Der Kinderarzt und Autor veranschaulichte beispielsweise am leidigen Streitthema, ob und wie lange das Kind im elterlichen Bett schlafen darf, dass vieles, was abhängig von Kultur und Zeitgeist unterschiedlich beantwortet wird, aus Sicht der menschlichen Evolution gar nicht diskutiert zu werden bräuchte. So entführte er die Anwesenden ein paar Jahrtausende zurück, um zu verdeutlichen, dass Fragen der Gegenwart nicht gegenwärtig beantwortet gehören, sondern der Blick in die Vergangenheit ausreichend erklärt.

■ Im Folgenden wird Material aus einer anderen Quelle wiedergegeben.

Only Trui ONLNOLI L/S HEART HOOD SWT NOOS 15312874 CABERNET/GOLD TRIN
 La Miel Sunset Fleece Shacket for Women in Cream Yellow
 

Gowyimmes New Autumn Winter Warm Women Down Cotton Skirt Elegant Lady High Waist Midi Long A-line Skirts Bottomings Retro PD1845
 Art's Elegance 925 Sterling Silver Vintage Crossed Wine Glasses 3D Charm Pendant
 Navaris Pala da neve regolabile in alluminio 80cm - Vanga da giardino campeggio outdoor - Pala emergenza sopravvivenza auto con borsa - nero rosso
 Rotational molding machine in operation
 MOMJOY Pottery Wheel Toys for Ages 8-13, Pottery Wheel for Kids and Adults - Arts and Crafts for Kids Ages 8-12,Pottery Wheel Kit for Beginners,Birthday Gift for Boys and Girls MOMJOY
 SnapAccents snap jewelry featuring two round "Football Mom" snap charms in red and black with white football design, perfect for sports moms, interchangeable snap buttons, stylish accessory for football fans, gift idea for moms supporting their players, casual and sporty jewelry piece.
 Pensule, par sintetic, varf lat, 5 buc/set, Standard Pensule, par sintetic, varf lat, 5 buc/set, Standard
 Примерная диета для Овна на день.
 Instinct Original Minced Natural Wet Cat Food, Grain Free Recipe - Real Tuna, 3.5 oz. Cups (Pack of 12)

Renz-Polster erzählte von der Dunkelheit, in der sich unsere Vorfahren allenfalls durch den Schein eines Feuers ab abends befanden. Er sprach von all den Geräuschen, die die Menschen umgaben, und die wir vielleicht „vom Campen an der Adria“ selbst kennen. Doch diese Geräusche und auch „aufblinkende Äuglein im Dickicht“ erfuhren die nomadenhaften Menschen nicht in der Umzäunung eines Zeltplatzes, sondern ganz und gar ungeschützt. Folglich war selbstverständlich, dass die Kinder nicht irgendwo allein und ungesichert schliefen, sondern im unmittelbaren Schutz der Eltern, denn sonst hätten die kleinen Nachkommen nicht lange überlebt.
Derlei Erfahrungen, die das menschliche Dasein lange Zeit prägten und erst mit Einsetzen der Industrialisierung abebbten, sitzen als Information tief im Menschen, somit auch im Kind. So sollte es nicht wundern, dass Babys und Kinder bei den Eltern schlafen wollen, denn sie haben nicht das Bewusstsein, dass ihnen in der hübschen 4-Zimmer-Wohung mitten in Fulda im Dunklen nichts Lebensbedrohliches passieren kann.
Ebenfalls einleuchtend erläuterte Renz-Polster die sogenannte Trotzphase, die etwa ab dem zweiten Lebensjahr eintritt. Die machen kleine Menschen nicht durch, um sich als Tyrannen zu üben, sondern um Selbsttätigkeit und -wirksamkeit zu erlernen. Unsere Ur-Mütter stillten nämlich ihre Kinder durchschnittlich um den 30. Monat herum ab, da sich alsbald der nächste Nachwuchs ankündigte. Mit dem neuen Säugling war der Mutter nicht mehr möglich, dass Kleinkind überall mitzutragen. Quengelt ein Kind, obwohl es laufen kann, weil es auf den Arm will, ist dies auch als Überbleibsel einer lebenserhaltenden Maßnahme unserer Vorfahren zu verstehen.
Ein Kind der Frühzeit musste, wenn die Mutter beispielsweise beim Essensammeln war, beim Rest der Gruppe, wie den Geschwistern bleiben. Um sich im Gruppengefüge positionieren zu können, sammelt das Kind selbsttätige Erfahrungen und greift dafür auch zu den berüchtigten Wutanfällen. Damit sichert es sich sowohl das Überleben in der Kindergruppe als auch ausreichend Aufmerksamkeit der Mutter, die mit einem kleineren Geschwisterchen beschäftigt ist. Das Verständnis der Trotzphase als evolutionäres Überlebensprogramm kann Eltern der Gegenwart somit helfen, gelassener mit dem Nachwuchs umzugehen.